Task directions: What is needed is an exact copy of the data below, pictures excluded.

═════ Data to use ═════

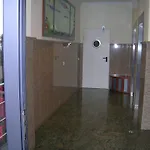 Iradri, Playa شقة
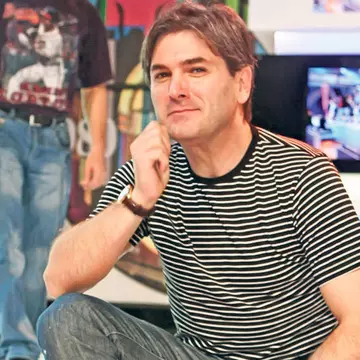 S-au terminat banii chiar la Mircea Radu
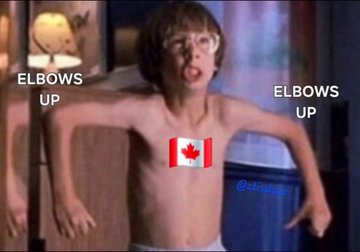 JohnnieOil's tweet photo. Never, a vote for you #Carney #Liberals is a vote for #Trump a vote for #China & more corruption and foreign interference! a vote for more lies, a vote for more gaslighting BS and destruction of the #Canadian economy and dreams! #VoteForCanada #VoteCPC #VoteConservative #PierrePoilievreForPM #cdnpoli #elxn45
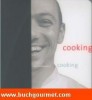 libro cocina revolution alex hanbuckers, 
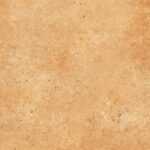 Fatra Novoflor Extra Tauri 2393-3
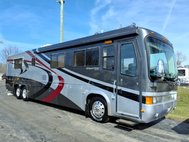 2002 Other Makes Signature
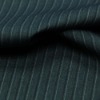 2012 Fashion Polyester/Viscose Suiting Fabric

═════

Response to this task:
 Iradri, Playa شقة
 S-au terminat banii chiar la Mircea Radu
 JohnnieOil's tweet photo. Never, a vote for you #Carney #Liberals is a vote for #Trump a vote for #China & more corruption and foreign interference! a vote for more lies, a vote for more gaslighting BS and destruction of the #Canadian economy and dreams! #VoteForCanada #VoteCPC #VoteConservative #PierrePoilievreForPM #cdnpoli #elxn45
 libro cocina revolution alex hanbuckers, 
 Fatra Novoflor Extra Tauri 2393-3
 2002 Other Makes Signature
 2012 Fashion Polyester/Viscose Suiting Fabric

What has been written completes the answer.